Place onions in a sauce pan with a scant T olive oil and sauté until translucent.  Add garlic and cook one minute until fragrant.  Pour half can of broth into a blender cup and add whiz up until no chunks remain.

Return onion puree to sauce pan, add pumpkin and remaining broth.  Bring to boil and reduce to simmer.  Add curry powder incrementally starting at 1 teaspoon  adding  1/2 teaspoon at a time tasting until you get the desired spiciness and heat.  Test for seasoning, add salt as needed.   Simmer 30 minutes until it is a consistency you like and flavors are developed.

Remove from heat and serve with garnishes.




Wednesday, October 2, 2024

Cherry Pistachio Cheesecake

 

A little slice of heaven.

This was a stumble across in an old recipe box.  I have vague memories of it as a kid in the 60s so we know its at least that old.  In looking at the recipe I saw it was ripe for updating.  Pistachios sprinkled across the top, but none in the crust?  Cherry's taste more cherry like with almond extract but none in the recipe?  No salt anywhere why?  

So I looked at everything and went about updating this recipe for the new century.  It was all to amp up flavor and texture.  It was a huge hit at the dinner party the other night.

Cherry Pistachio Cheesecake
Crust
  • 1 1/2 c graham cracker crumbs
  • 1 stick unsalted butter, melted
  • 1/4c finely ground pistachio
  • pinch of salt
Filling
  • 16 oz cream cheese
  • 1 c sugar
  • 1/2 t vanilla
  • 1/2 t almond extract
  • 1/8 t salt
  • 3 eggs
  • 1 cup sour cream
  • 1 1/2 c cherry pie
  • 1/2 coarse chopped pistachio

Preheat oven to 325F.  Line 9 X 13" baking pan with parchment paper.

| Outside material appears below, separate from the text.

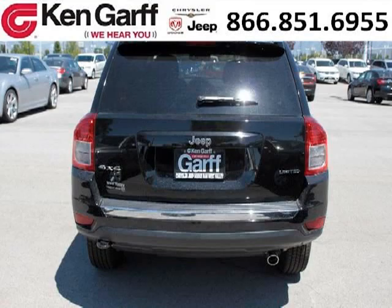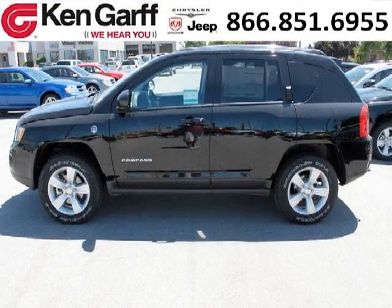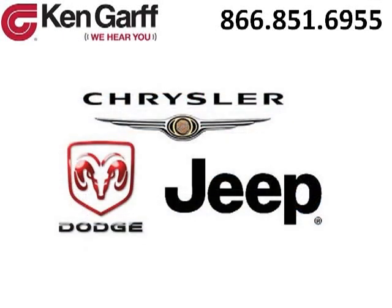The airbags and Dolby stereo only makes it more attractive. Low miles means it's fresh and ready to get out there. Come in today and take a look for yourself. Ken Garff Dodge Chrysler Jeep West Valley is the dealership for you, conveniently located in West Valley, Utah off of Route 171.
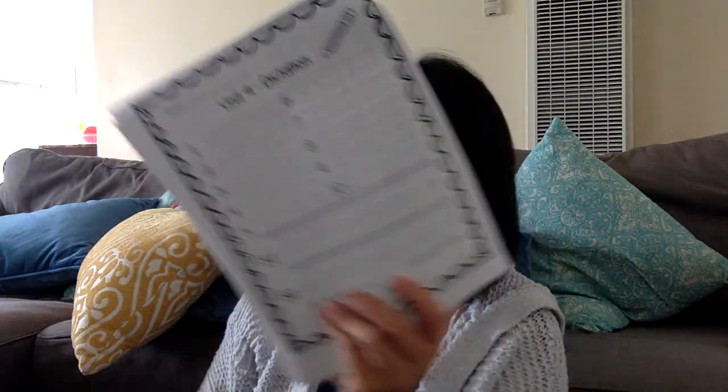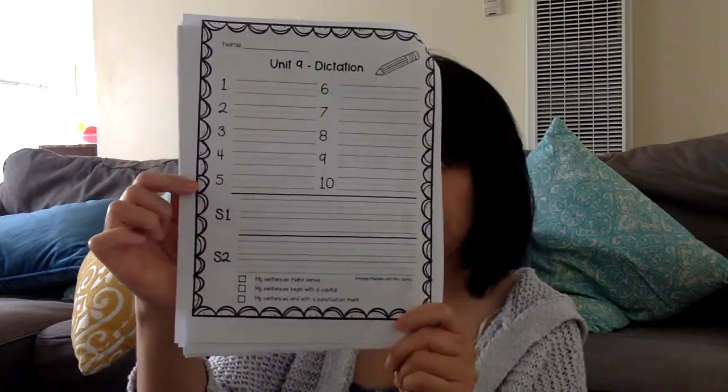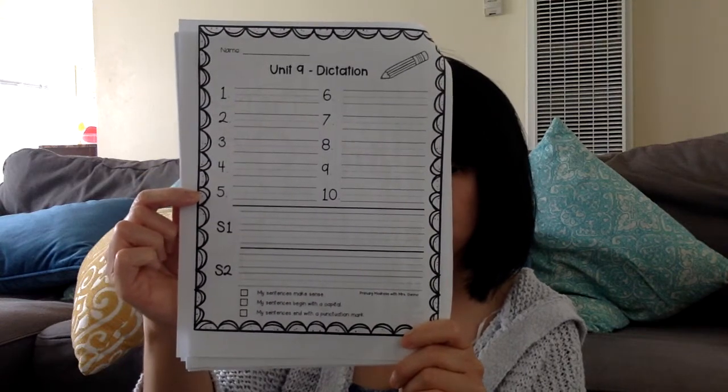Hello first graders. Today is May 29th, 2020. It is Friday. What you're going to do now is find your spelling test paper in your packet — looks like this. Remember, all of our spelling words this week have the double O in the middle, but they have two different sounds. Let's get ready. If I go too fast, you can always pause the video.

Combine graham cracker crumbs with ground pistachio and a pinch of salt.  Toss lightly to blend the mixture slightly.  Add melted butter and toss until the crumb mixture is evenly wet.  Gently press mixture into the prepared pan.

In mixing bowl add cream cheese, sugar, salt, vanilla and almond extract.  Beat at medium speed until fluffy and well mixed. (about 5 minutes).  Add eggs one at a time and beat in until well mixed.  Scrape down the sides as needed while beating mixture.  Reduce speed and add sour cream and mix until just blended.   Pour over the prepared crumb base.

Add cherry pie filling by spoonful over the filling keeping them 1-2" apart.  With table knife swirl cherry pie filling around the filling until nicely marbleized.  Sprinkle chopped pistachio evenly over filling.

Place baking pan on a sheet tray and pop into the preheated oven.  Bake 50-60 minutes until the filling is just starting to brown.  Test center with toothpick to make sure its set.  The mixture will be jiggly and will set as it cools.

Cool on counter to room temperature then refrigerate at least 2 hours before serving.   

TIP: Make sure all filling ingredients are at room temperature.  If they aren't its a booger to get it all blended evenly.  I usually set all the ingredients out overnight to ensure they are equal temperature.